**WORK REQUEST:**
Could you write out, exactly as they stand, only the lines in the listing below from the line with "Machine Gray 2024" to the line with "Porte-clés Preppy Nk", both ends included, without the pictures?

**INPUT FOR THIS TASK:**

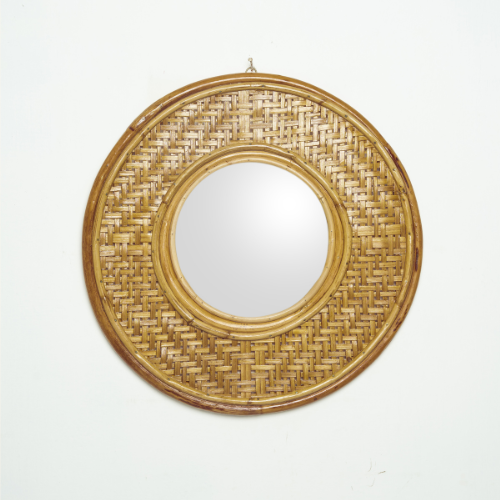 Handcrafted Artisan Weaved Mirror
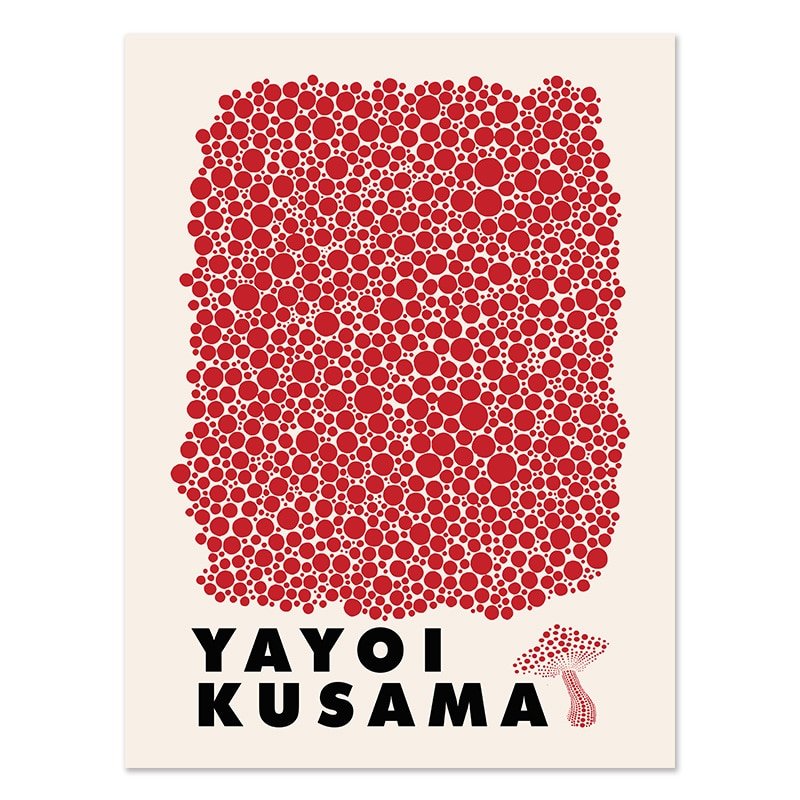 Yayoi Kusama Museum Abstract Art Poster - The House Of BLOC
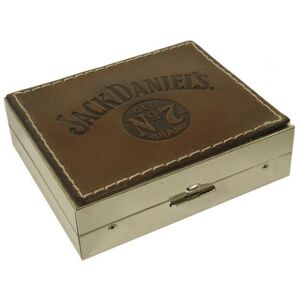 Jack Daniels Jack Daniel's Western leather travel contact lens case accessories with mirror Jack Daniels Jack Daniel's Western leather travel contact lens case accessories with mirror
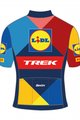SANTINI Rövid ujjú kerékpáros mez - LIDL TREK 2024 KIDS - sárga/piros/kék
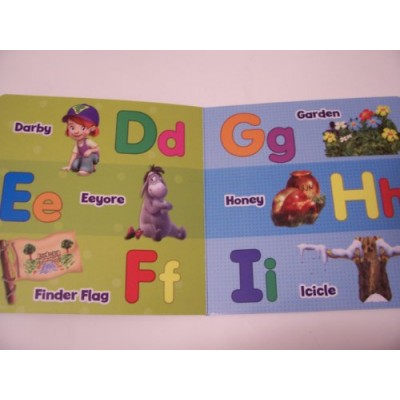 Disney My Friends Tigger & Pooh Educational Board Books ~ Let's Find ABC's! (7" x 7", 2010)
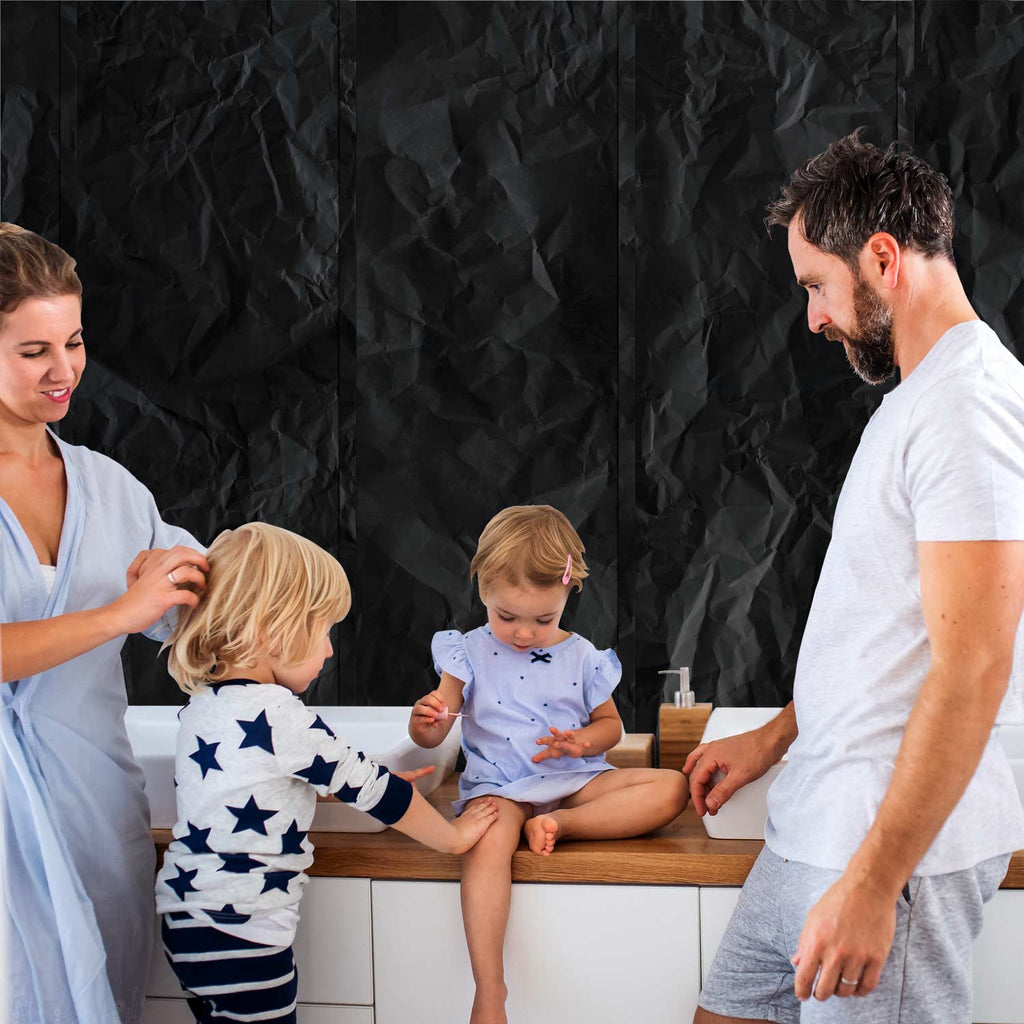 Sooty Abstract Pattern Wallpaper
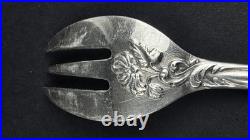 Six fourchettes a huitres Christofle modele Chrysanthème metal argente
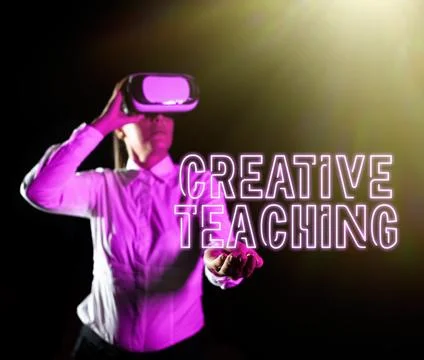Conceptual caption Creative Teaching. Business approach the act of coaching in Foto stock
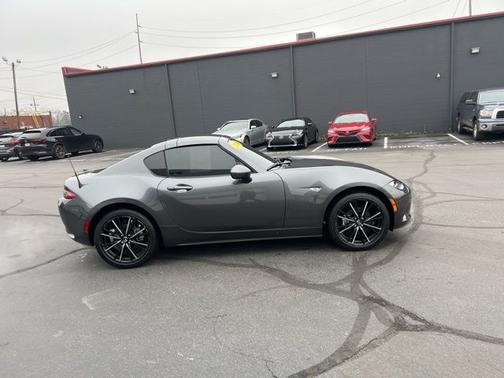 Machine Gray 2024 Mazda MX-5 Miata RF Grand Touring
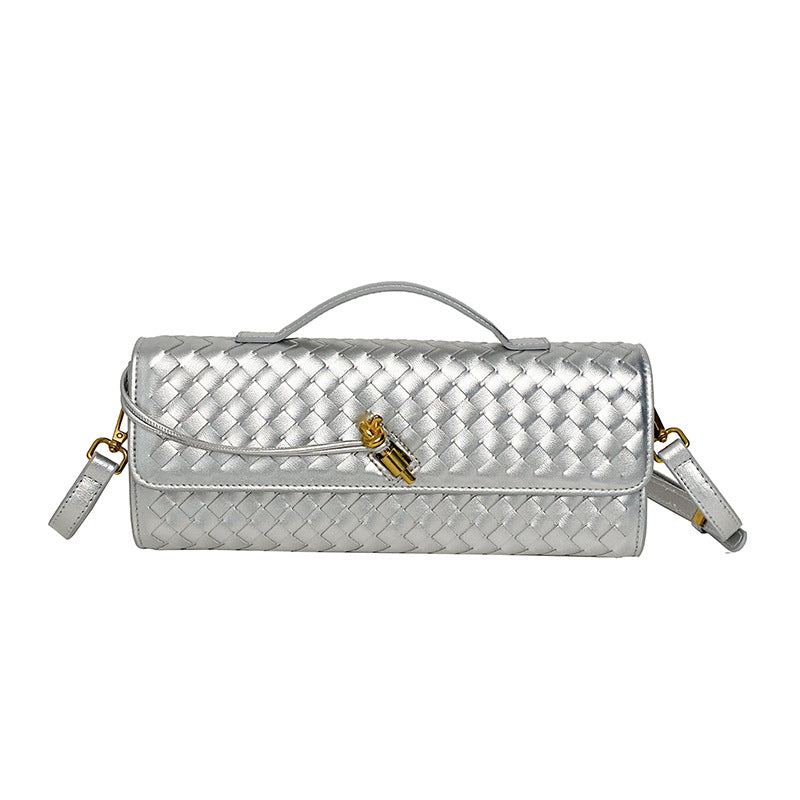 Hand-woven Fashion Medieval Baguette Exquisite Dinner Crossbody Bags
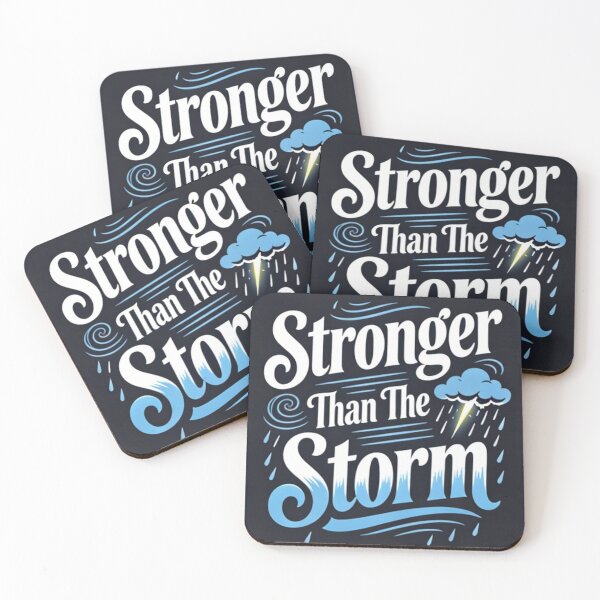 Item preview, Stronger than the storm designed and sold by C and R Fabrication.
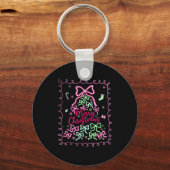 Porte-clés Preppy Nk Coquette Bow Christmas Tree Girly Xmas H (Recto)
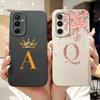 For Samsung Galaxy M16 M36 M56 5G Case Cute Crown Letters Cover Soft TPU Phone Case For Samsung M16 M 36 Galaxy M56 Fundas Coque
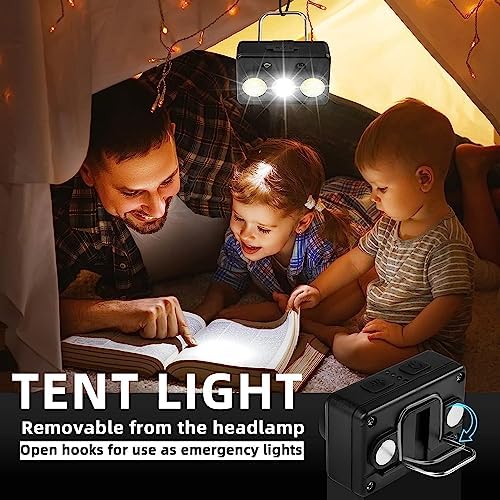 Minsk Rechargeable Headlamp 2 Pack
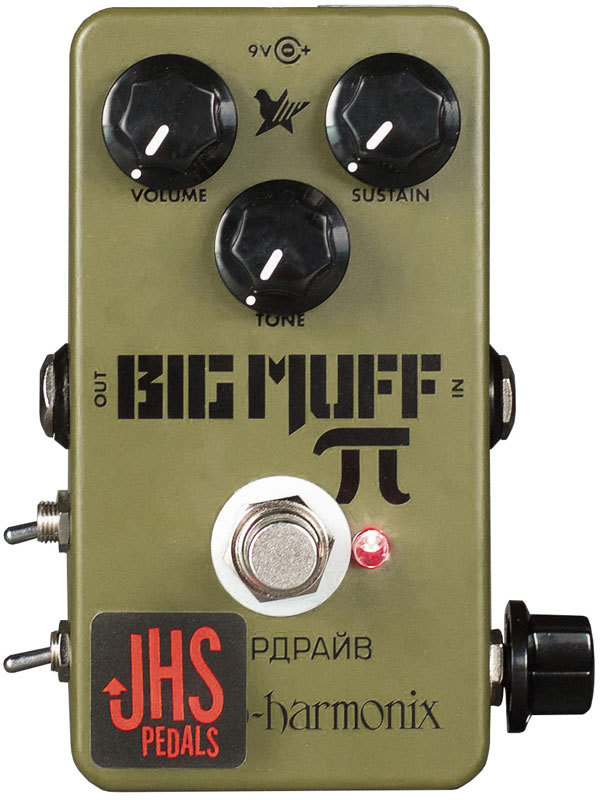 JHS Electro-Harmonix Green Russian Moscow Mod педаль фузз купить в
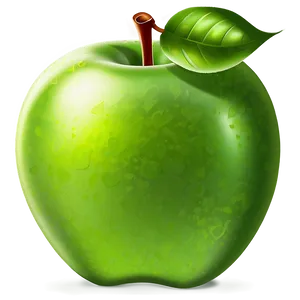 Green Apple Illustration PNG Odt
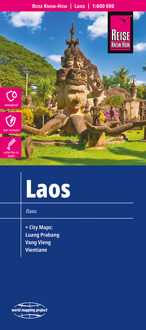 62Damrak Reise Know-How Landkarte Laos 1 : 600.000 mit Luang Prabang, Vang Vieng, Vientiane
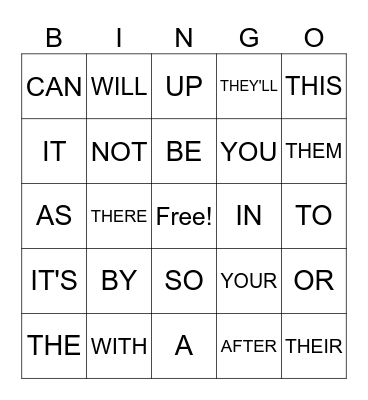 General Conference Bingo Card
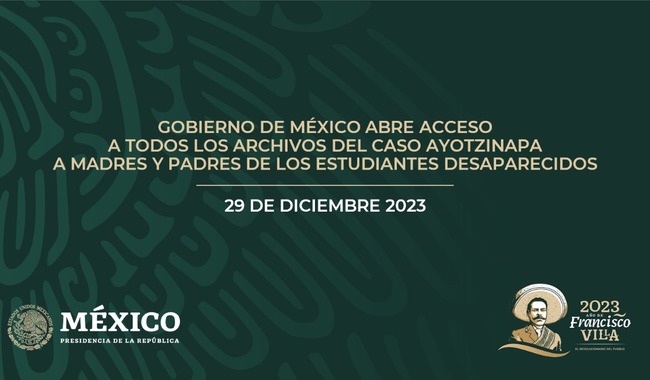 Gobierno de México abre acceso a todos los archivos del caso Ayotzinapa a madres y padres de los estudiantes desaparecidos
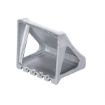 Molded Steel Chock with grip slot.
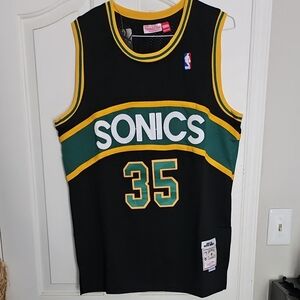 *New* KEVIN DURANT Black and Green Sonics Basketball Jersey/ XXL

**ANSWER TO THE EXERCISE:**
 Machine Gray 2024 Mazda MX-5 Miata RF Grand Touring
 Hand-woven Fashion Medieval Baguette Exquisite Dinner Crossbody Bags
 Item preview, Stronger than the storm designed and sold by C and R Fabrication.
 Porte-clés Preppy Nk Coquette Bow Christmas Tree Girly Xmas H (Recto)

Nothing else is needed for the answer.